2. Rénover, aménager et construire
Aux infrastructures existantes (Stade de France, nouveau Roland-Garros, Bercy, Parc des Princes, Jean-Bouin, Arena-92) s'ajouteront des constructions temporaires.
Le Champ de Mars (12.000 places pour le beach-volley), le Trocadéro (3.000 places + 10.000 places debout pour le départ du triathlon et de la natation en eau libre, ainsi que pour le marathon), les Invalides (8.000 places pour le tir à l'arc), le Grand Palais (8.000 places pour le taekwondo et l'escrime) et le château de Versailles (20.000 places + 45.000 places debout pour l'équitation), qui deviendront sites olympiques le temps d'une quinzaine, seront aménagés dans les mois précédant août 2024.
"On ne va pas s'amuser à construire un an avant des installations et les laisser en plan", prévient Étienne Thobois. "On n'a pas forcément besoin de refaire à l'identique une compétition", poursuit-il, évoquant les traditionnels "tests-events", imposés par le CIO un an avant les Jeux et destinés à tester les équipements.
Si le centre de water-polo, prévu au stade Marville, est lui à rénover en profondeur, les deux plus grands chantiers sont bien sûr la construction du Village olympique – qui devrait coûter 1,3 milliard d'euros - sur le site de la Cité du cinéma et du Centre aquatique de la Plaine Saulnier, à Saint-Denis.

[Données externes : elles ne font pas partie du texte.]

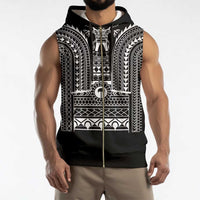 Philippines Igorot Tribal Art Tattoo Black Sleeveless Zip Hoodie LT05 - Polynesian Pride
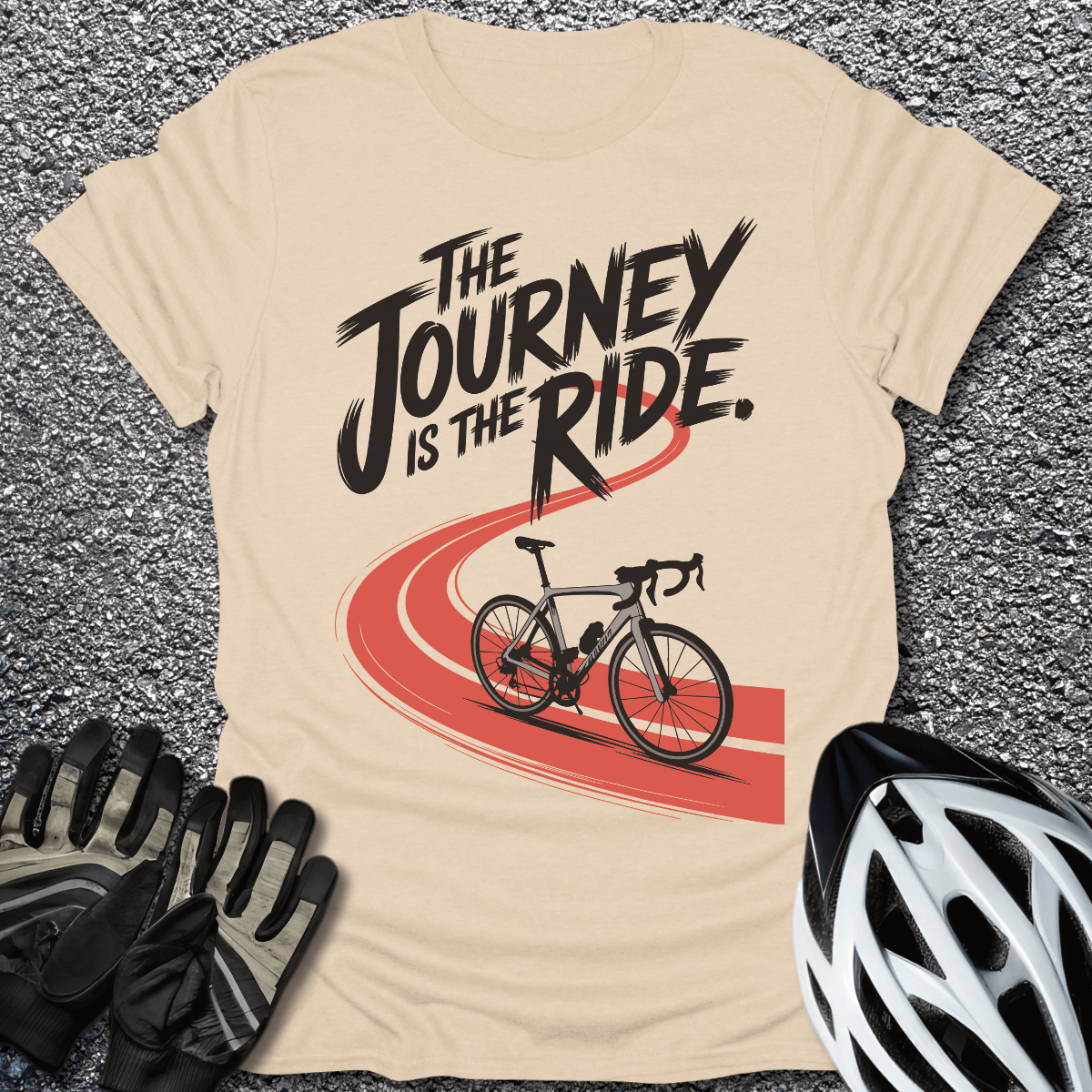 The Journey T-Shirt in Sand / S from CycleTees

Concrètement, les premiers tractopelles devraient commencer à travailler en 2019, pour livraison prévue à partir de 2023. "Pour le Village, les délais ne sont pas tendus mais il ne faut pas perdre trop de temps", a précisé Étienne Thobois, le directeur général du futur Cojo.
Le Village des médias, 5.000 chambres à proximité du centre des médias au Bourget, et la Bercy Arena II, 8.000 places censées accueillir les matches de basket et les combats de lutte, doivent également surgir du sol d'ici là.
3. Tenir le budget
C'est là l'un des principaux défis des sept prochaines années : éviter le dérapage budgétaire. D’abord fixé à 6,2 milliards d’euros, le budget de ces JO a grimpé à 6,6 milliards en cours de candidature, et pourrait bien encore gonfler d'ici la cérémonie d'ouverture, le 2 août 2024. Lors des précédentes éditions, tous les budgets des villes candidates ont en effet grimpé en flèche - pour en moyenne doubler - entre les prévisions et la facture finale. Des dépassements qui ont atteint leur apogée avec Pékin 2008, dont le budget a culminé à 32 milliards d'euros.
"Les coûts liés à la sécurité, à l'aménagement (des sites) et à l'infrastructure temporaire sont peut-être sous-évalués", a d'ailleurs prévenu début juillet la commission d'évaluation du CIO, à propos du projet parisien. "Mais ils pourraient être compensés par une éventuelle réduction des dépenses dans d'autres domaines".
Au total, le coût des infrastructures sportives pérennes, auxquelles s'ajoute les aménagements d'accessibilité pour les personnes handicapées dans les transports, est évalué à quelque 3 milliards. Reste que certains facteurs, comme l'inflation, sont encore difficilement prévisibles. Il n’y a qu’à voir le cas du Brésil, en plein boom en 2009, lors de l'attribution des Jeux à Rio, et en grave récession sept ans plus tard.
4. Attirer les sponsors… et les spectateurs
Pour alimenter ce budget, les chasseurs de sponsors devront avoir séduit une trentaine de partenaires - le nombre habituel pour les dernières éditions - pour un montant espéré d'un milliard d'euros. Un autre milliard est attendu des ventes de billets qui commenceront dès 2022.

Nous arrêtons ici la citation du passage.